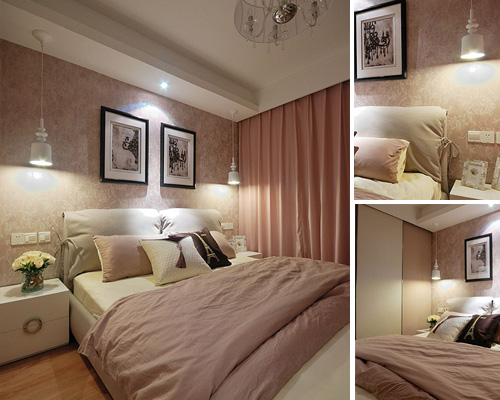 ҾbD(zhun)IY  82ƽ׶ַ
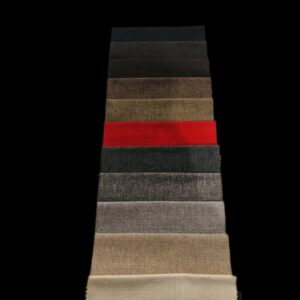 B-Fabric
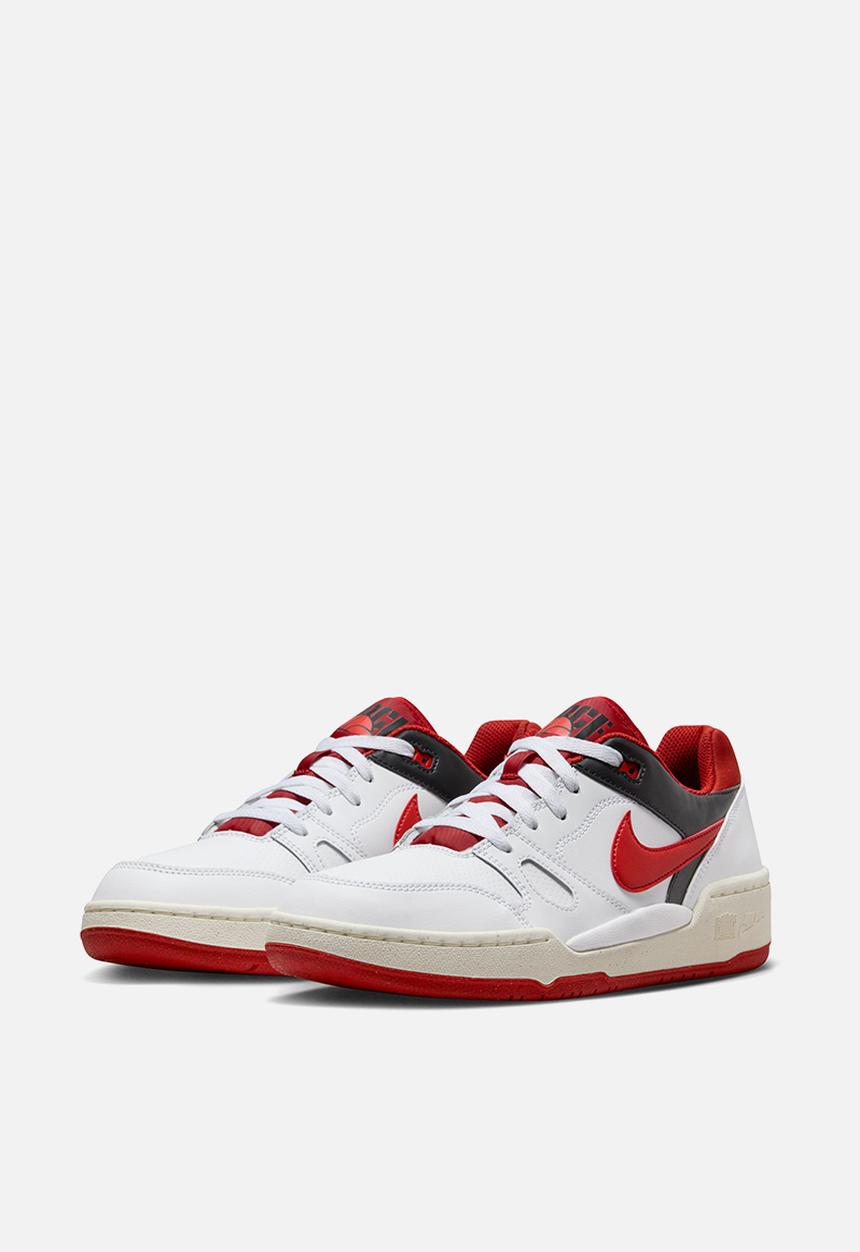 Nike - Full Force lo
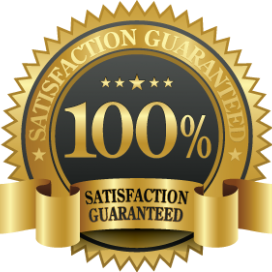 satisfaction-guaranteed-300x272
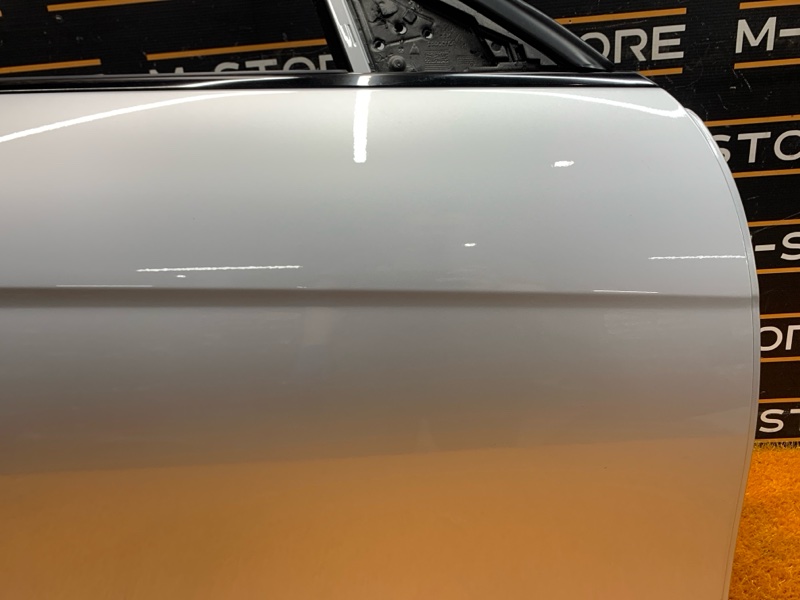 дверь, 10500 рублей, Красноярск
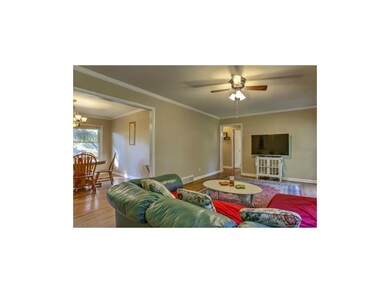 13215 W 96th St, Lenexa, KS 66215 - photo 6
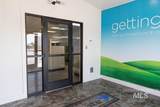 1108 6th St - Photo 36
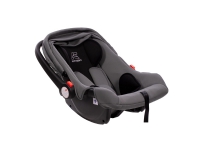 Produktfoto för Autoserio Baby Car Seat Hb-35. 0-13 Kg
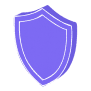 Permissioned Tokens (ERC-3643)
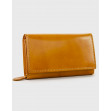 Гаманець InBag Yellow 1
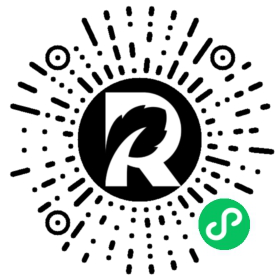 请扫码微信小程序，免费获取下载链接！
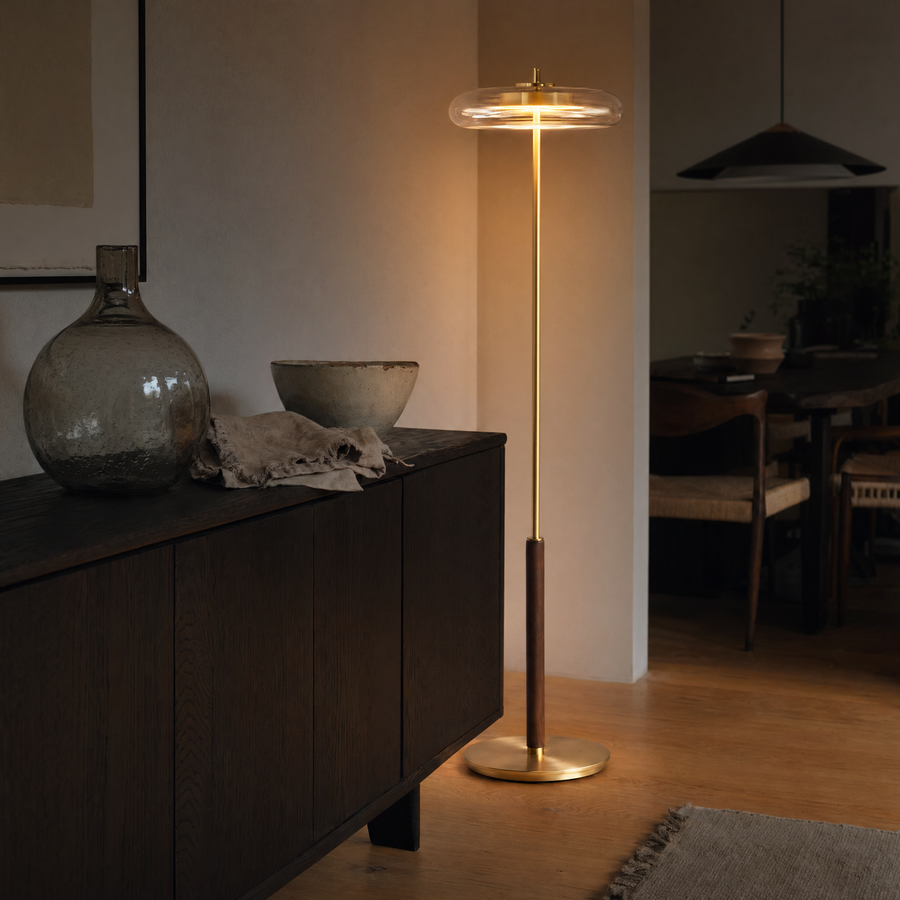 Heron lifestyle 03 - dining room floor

What to produce
Your reply must hold only the lines from the line containing "Nike - Full Force lo" through the end of the records above, written out exactly, both ends included, with no pictures, please.

Problem solution
 Nike - Full Force lo
 satisfaction-guaranteed-300x272
 дверь, 10500 рублей, Красноярск
 13215 W 96th St, Lenexa, KS 66215 - photo 6
 1108 6th St - Photo 36
 Produktfoto för Autoserio Baby Car Seat Hb-35. 0-13 Kg
 Permissioned Tokens (ERC-3643)
 Гаманець InBag Yellow 1
 请扫码微信小程序，免费获取下载链接！
 Heron lifestyle 03 - dining room floor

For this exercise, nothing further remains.